The separation area 215 of the second conductive line 210 may alternately overlap the first power line 120 positioned at the lower side based on the boundary of the logic cell LC and the first power line 120 positioned at the upper side based on the boundary of the logic cell LC.

The second conductive line 210 may overlap four first conductive lines 110 within one logic cell LC. In this case, three of four points at which one second conductive line 210 and four first conductive lines 110 overlap may have the first hit point (V1 hit point).

In the previous embodiment, the second power line 320 may overlap the boundary of the logic cell LC. In the present embodiment, the second power line 320 may not overlap the boundary of the logic cell LC. Different second power lines 320 may be positioned at the upper and lower sides based on the boundary of the logic cell LC. In the present embodiment, the number of the second power lines 320 may be about twice that of the previous embodiment.

The separation area 215 of the second conductive line 210 may alternately overlap the second power line 320 positioned at the lower side based on the boundary of the logic cell LC and the second power line 320 positioned at the upper side based on the boundary of the logic cell LC.

The second conductive line 210 may overlap four third conductive lines 310 within one logic cell LC. In this case, three of four points at which one second conductive line 210 and four third conductive lines 310 overlap may have the first hit point (V1 hit point).

Hereinafter, a semiconductor device according to an embodiment will be described with reference to FIG. 19A and FIG. 19B.

FIG. 19A and FIG. 19B illustrate top plan views of some layers of a semiconductor device according to an embodiment.
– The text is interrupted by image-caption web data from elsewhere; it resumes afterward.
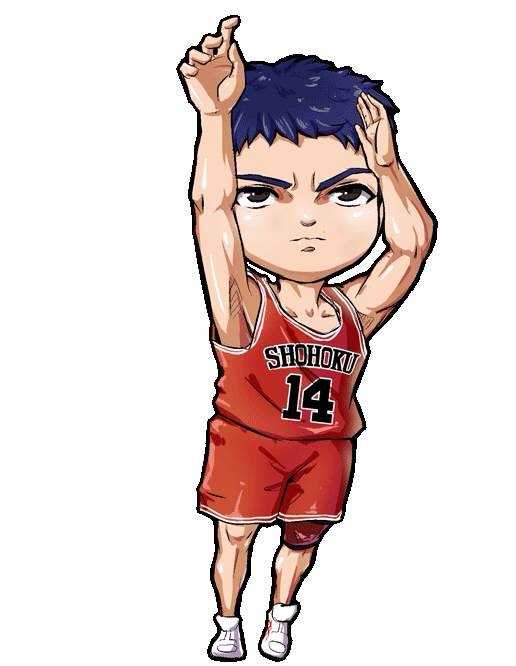 天才樱木花道Q版形象，标志性的红发和憨憨自信的笑容被完美还原，圆溜溜的大眼睛里闪烁着‘我是天才’的得意光芒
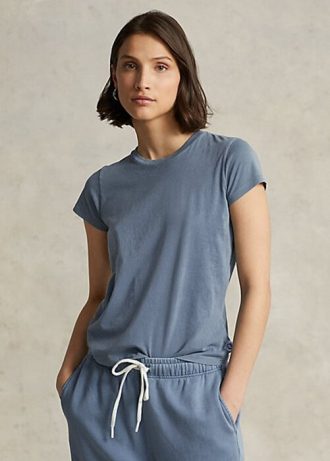 Camisetas de cuello redondo de algodón orgánico Ralph Lauren para mujer en color azul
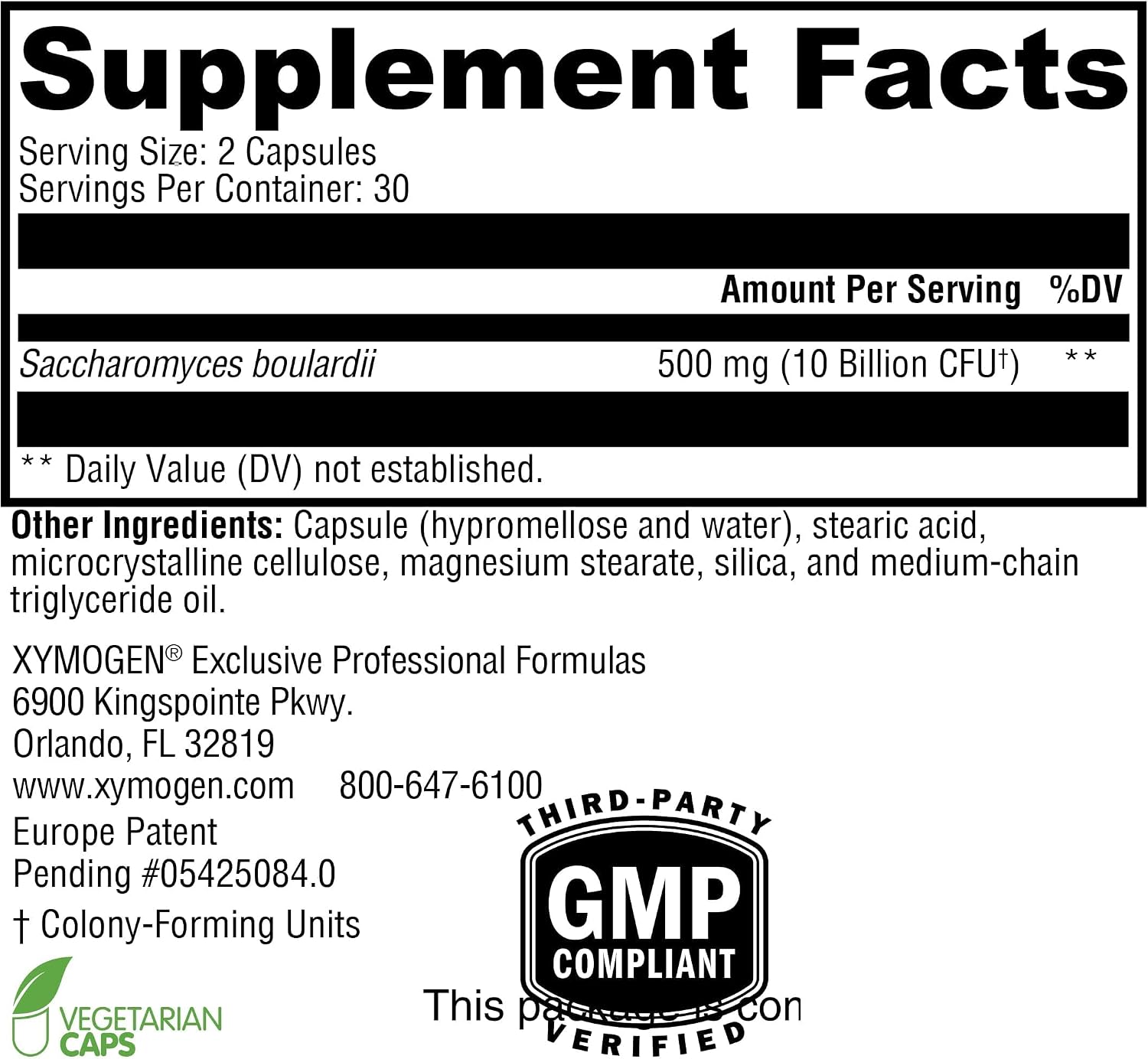 XYMOGEN Saccharomycin 10B - Gut Flora & Digestive Health - 60 Capsules - görsel 2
FIG. 19A illustrates the first conductive layer M1 and the second conductive layer M2, and FIG. 19B illustrates the second conductive layer M2 and the third conductive layer M3.

Since many parts of the embodiment shown in FIG. 19A and FIG. 19B are the same as the embodiment shown in FIG. 18A and FIG. 18B, a description thereof will not be repeated and differences will be mainly described. In addition, the same reference numerals are used for components that are the same as those of the embodiment. In the present embodiment, the number of the first conductive lines and the number of the third conductive lines positioned within one logic cell are different from those of the previous embodiment.
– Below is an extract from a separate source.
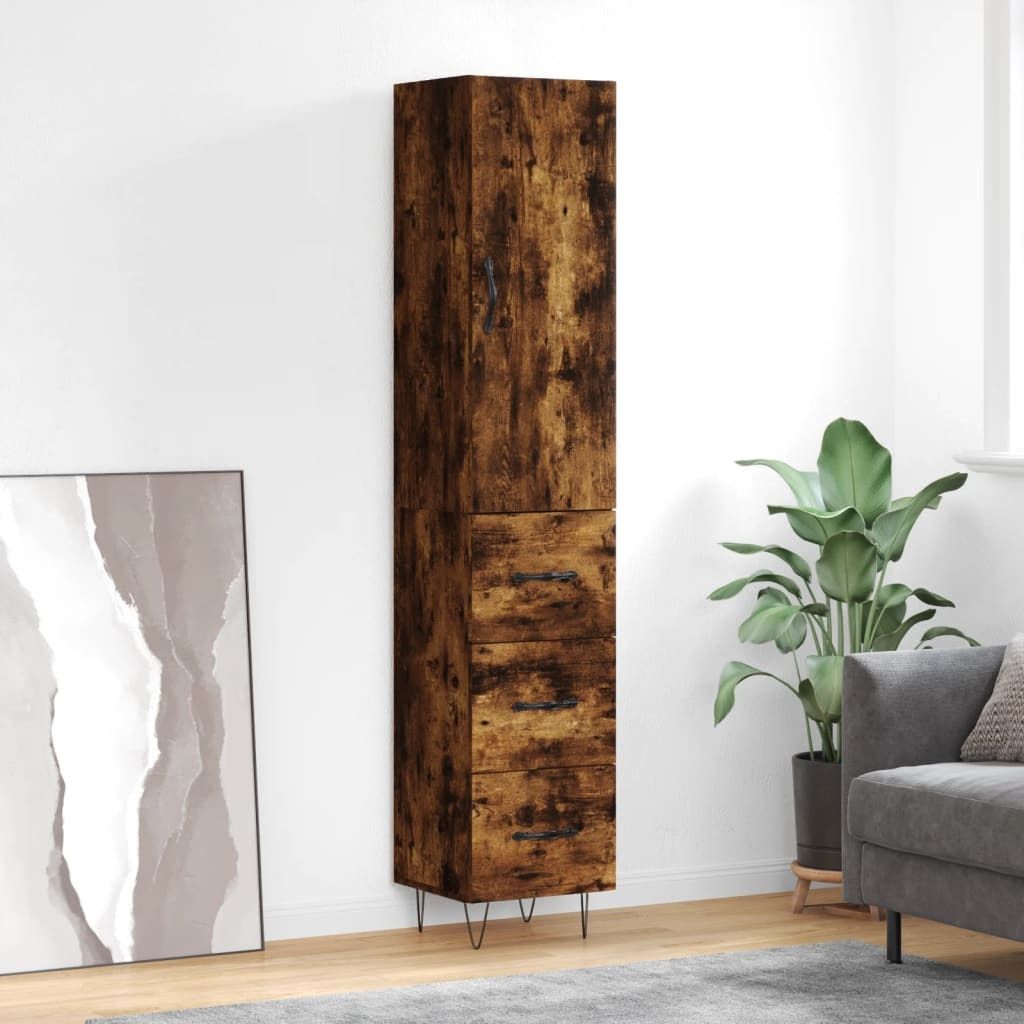 Maison Exclusive - Highboard Räuchereiche 34,5x34x180 cm Holzwerkstoff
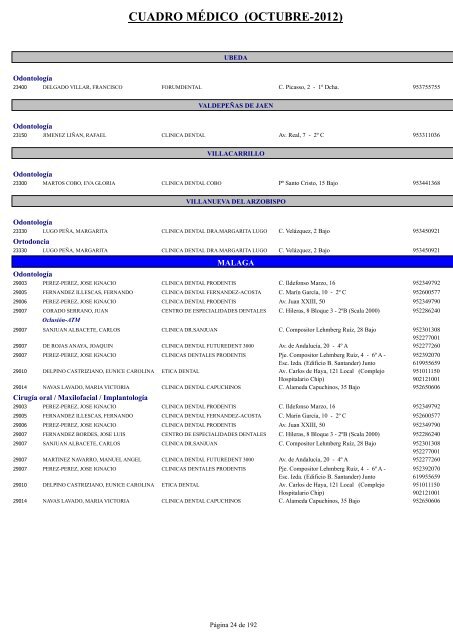 CUADRO MÉDICO (OCTUBRE-2012)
Four first conductive lines 110 may be positioned within one logic cell LC in the previous embodiment, and three first conductive lines 110 may be positioned within one logic cell LC in the present embodiment. The second conductive line 210 may overlap three first conductive lines 110 within one logic cell LC. In this case, two of three points at which one second conductive line 210 and three first conductive lines 110 overlap may have the first hit point (V1 hit point).

Four third conductive lines 310 may be positioned within one logic cell LC in the previous embodiment, and three third conductive lines 310 may be positioned within one logic cell LC in the present embodiment. The second conductive line 210 may overlap three third conductive lines 310 within one logic cell LC. In this case, two of three points at which one second conductive line 210 and three third conductive lines 310 overlap may have the second hit point (V2 hit point).
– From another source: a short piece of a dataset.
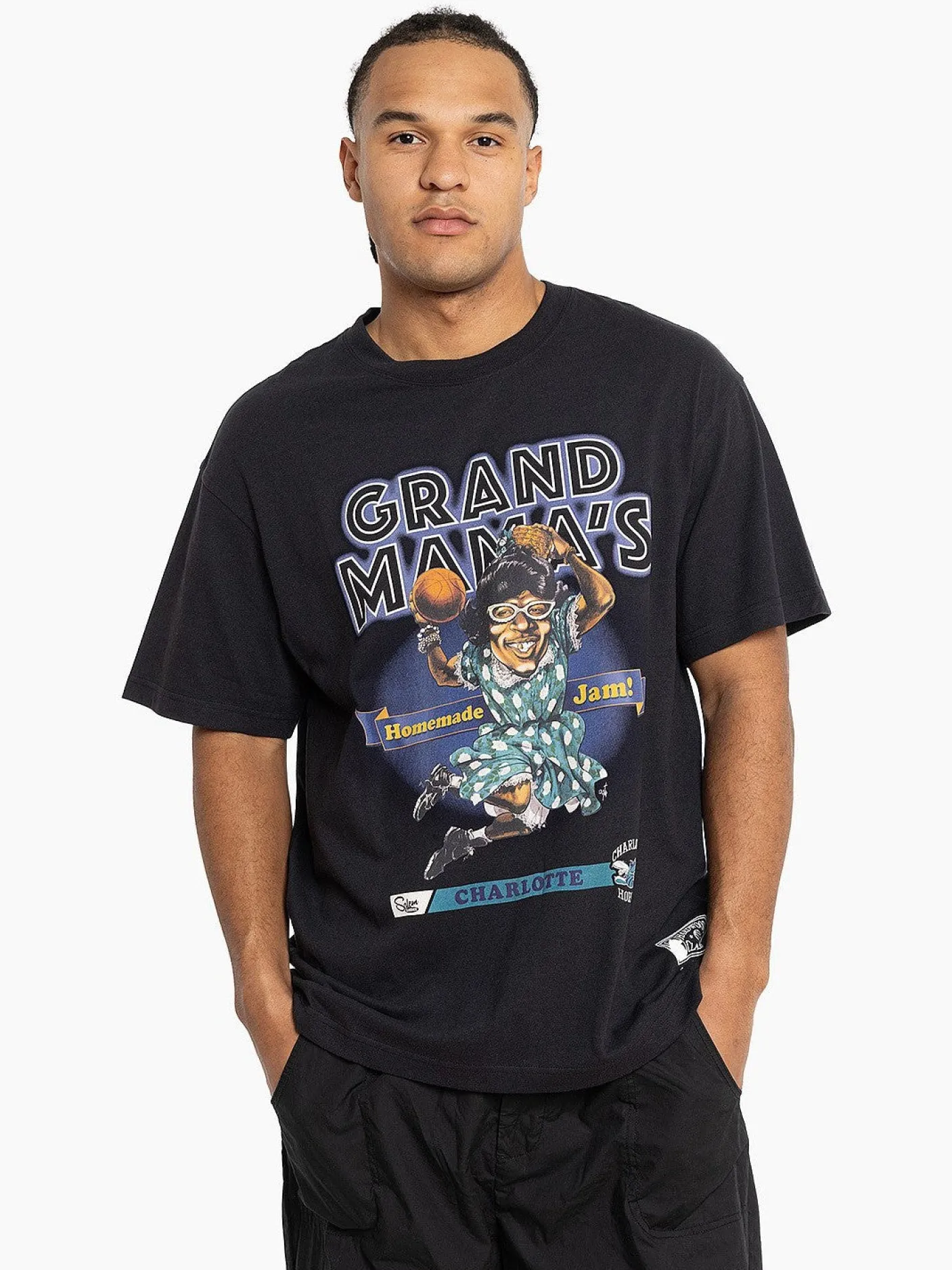 Mitchell & Ness Tees & Singlets-Charlotte Hornets Grand Mamas Tee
The number of the first conductive lines 110 and the number of the third conductive lines 310 positioned within one logic cell LC are not limited thereto, and may be variously changed. For example, the number of the first conductive lines 110 positioned within one logic cell LC may be 6 or more, and the number of the third conductive lines 310 positioned within one logic cell LC may be 6 or more.

Hereinafter, a disposition form of a plurality of cells included in a semiconductor device according to an embodiment will be described with reference to FIG. 20 to FIG. 22.

FIG. 20 illustrates two types of cells configuring a semiconductor device according to an embodiment, and FIG. 21 and FIG. 22 illustrate disposition forms of a plurality of cells configuring a semiconductor device according to an embodiment. In FIG. 20 to FIG. 22, the second conductive line is shown, and for convenience, wires positioned in the first conductive layer and the third conductive layer are omitted from the illustration.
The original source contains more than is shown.